I thought Nikon could do no wrong? 

In that article it does say they invited some women but they could not come. Given the culture of those regions, would there be many women photographers? I've never traveled there so I can't speak about it. I know here in USA there are lots of women photographers. Given how many women there are here, you'd have to be intentional to pick only men out of 32 photographers here. 

If we are talking about having diversity, that event was going to represent Africa, yet they didn't have any blacks. 

I don't think too much should be made of this their blunder though...


----------



## Mikehit (Sep 14, 2017)

I don't know whether there is a real discussion to be had here, but I am getting tired of the way social media tries to wring complaints of sexism and racism from almost any situation. It has got to the the point where even the most justifiable complaint engenders in me a first reaction of little more than 'yeah, whatever...'


----------



## ahsanford (Sep 14, 2017)

ethanz said:


> I don't think too much should be made of this their blunder though...



Just making fun of a classic marketing blunder, that's all.
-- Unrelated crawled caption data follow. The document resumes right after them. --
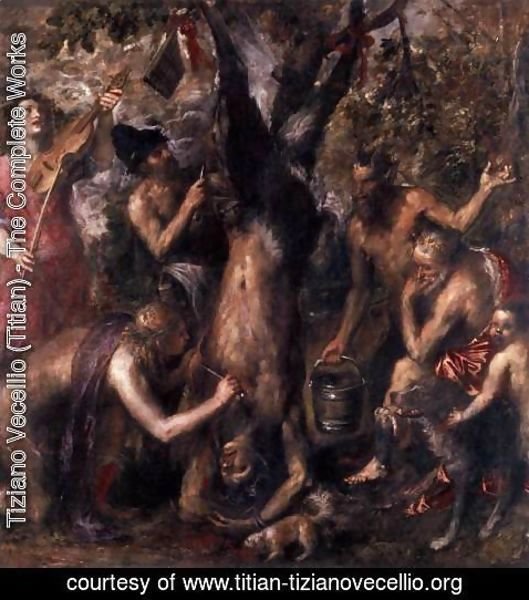 Tiziano Vecellio (Titian) - The Flaying of Marsyas 1575-76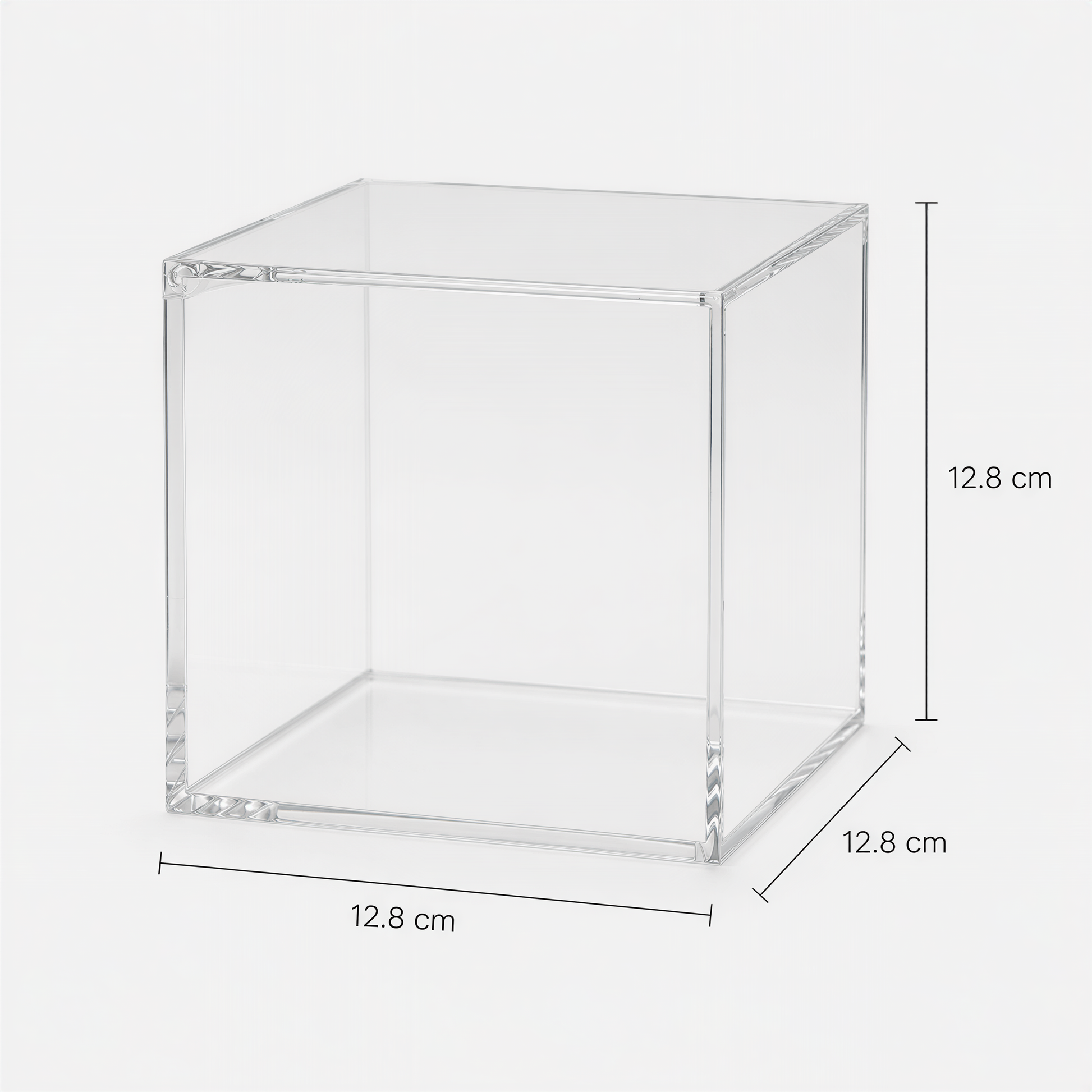 A clear, square-shaped container with dimensions of 12.8 cm in length, width, and height.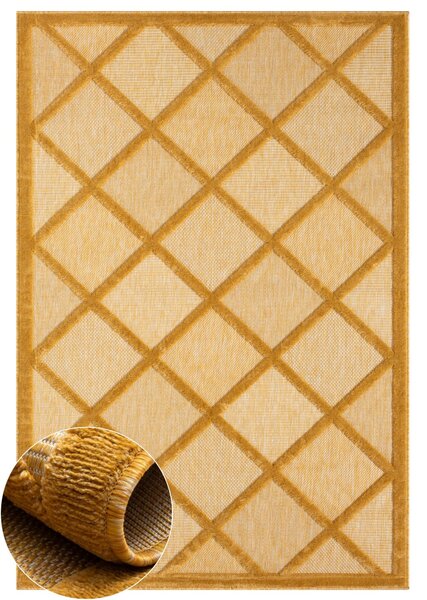 My Flair, Kusový koberec Mara III gelb – na ven i na doma, 160x230, žlutá, chodba / předsíň
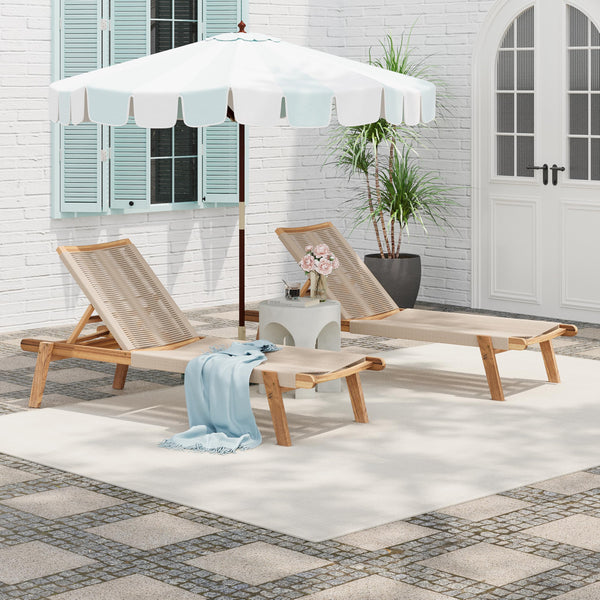 Outdoor Wood Chaise Lounge Set of 2 with Rope Seating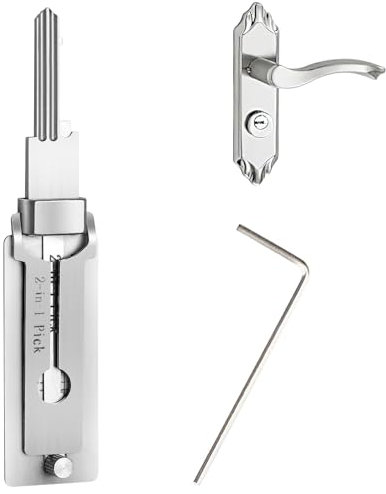 Outil de crochetage de serrure Master Key Decoder 2 en 1 en acier inoxydable Master Key Decoder Lock Pick, outil de serrurier professionnel pour la maison, la porte, l'entretien de la voiture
I doubt anyone will lose their job over this -- it's much more PR embarrassing than it is a threat to business.

But the odd coincidence that only dudes could make it is pretty weak. That works for candids at a workship, not for a deliberately assembled/reviewed/approved list of professional pushing your product. That means that many levels of Nikon's organization laid an egg by either missing / not saying anything and then approving all of it.

Photographer at event: "Really? All dudes? Hmmm. Whatever."
Editor going through all the headshots: "Huh. All dudes. That's weird."
Marketing person assembling the adverts/collaterals/web materials: "How 'bout that? It's all dudes!"
Marketing management signing off on said collaterals: "Nice work -- where do I sign?"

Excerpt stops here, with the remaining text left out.